Could Tennessee be the next state to legalize casinos? It might seem as likely as a roulette ball landing on a specific number. That said, a joint resolution filed last month in the Tennessee General Assembly by Rep. Jason Powell brings the state one small step closer to that possibility.
Powell’s resolution would legalize casino gaming in the state. Tennessee primary education would be the beneficiary of the tax money should Powell’s resolution defy the odds and work its way up the legislative ladder.
Despite the recent launch of online sports betting in the Volunteer State, there appears little momentum at present for Tennessee lawmakers to begin pushing for casinos.
Resolution provides an avenue to begin casino discussion
Rep. Powell filed HJR0093 last month, and the resolution was immediately referred to the State Government Committee. Two weeks later on Feb. 24 it was sent to the Departments and Agencies Subcommittee, with no action since.
The two-page resolution proposes to amend the state’s constitution. The amendment would replace current language describing the operation of the state lottery, adding language authorizing “casino gaming to be operated within this state.”
The resolution also adds “that all state revenues derived from casino gaming,” aside from administrative expenses, “shall be allocated to K-12 education projects and programs.”
The Assembly would determine which projects and programs would receive the funding.
The Tennessee Education Lottery (TEL) similarly provides funding for education in the state. Most recently the TEL has advertised having raised $5.7 billion for education since the lottery’s debut in 2004.
However, most of that money goes toward scholarships and grants for higher ed, and not toward K-12 funding.
The TEL oversees sports betting, currently the only other legal form of gambling in the state, in addition to the lottery.
Will Tennessee look to keep up with the neighbors?
While there is no significant push for casino gambling in Tennessee yet, there might be some “peer pressure” in effect. Tennessee shares borders with four different states that either currently have casinos or will be introducing them in the near future.
Two Harrah’s Cherokee casinos operate in western North Carolina not far from the Tennessee border.
To the west, Arkansas has multiple casinos, and to the south, there are more than two dozen casinos in Mississippi.
Tennesseans in the northeastern part of the state see that Virginia has begun construction on its first casinos. These include a new Hard Rock Hotel & Casino just over the state line in Bristol, VA.
The slots-like historical horse racing machines allowed in Kentucky can also be a draw for some in the northern part of Tennessee.
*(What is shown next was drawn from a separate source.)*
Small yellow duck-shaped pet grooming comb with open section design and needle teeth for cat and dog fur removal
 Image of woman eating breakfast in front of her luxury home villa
Fast start for sports betting could help
A relatively promising start for sports betting in Tennessee could provide some encouragement for casino progress. The state’s four online sportsbooks started strong after launching in November 2020, and numbers have increased every month since.
After taking $131.4 million in wagers in November and $180.9 million in December, TN sportsbooks realized a sports betting handle of $211.3 million in January.
Revenue for the sportsbooks increased to $21.8 million in January. That was up from the $13-14 million of each of the first two months.
Such a start might help provide a favorable context for discussions of casino gambling in the state. Even so, it would seem casinos coming to Tennessee would be a longshot, at least for now.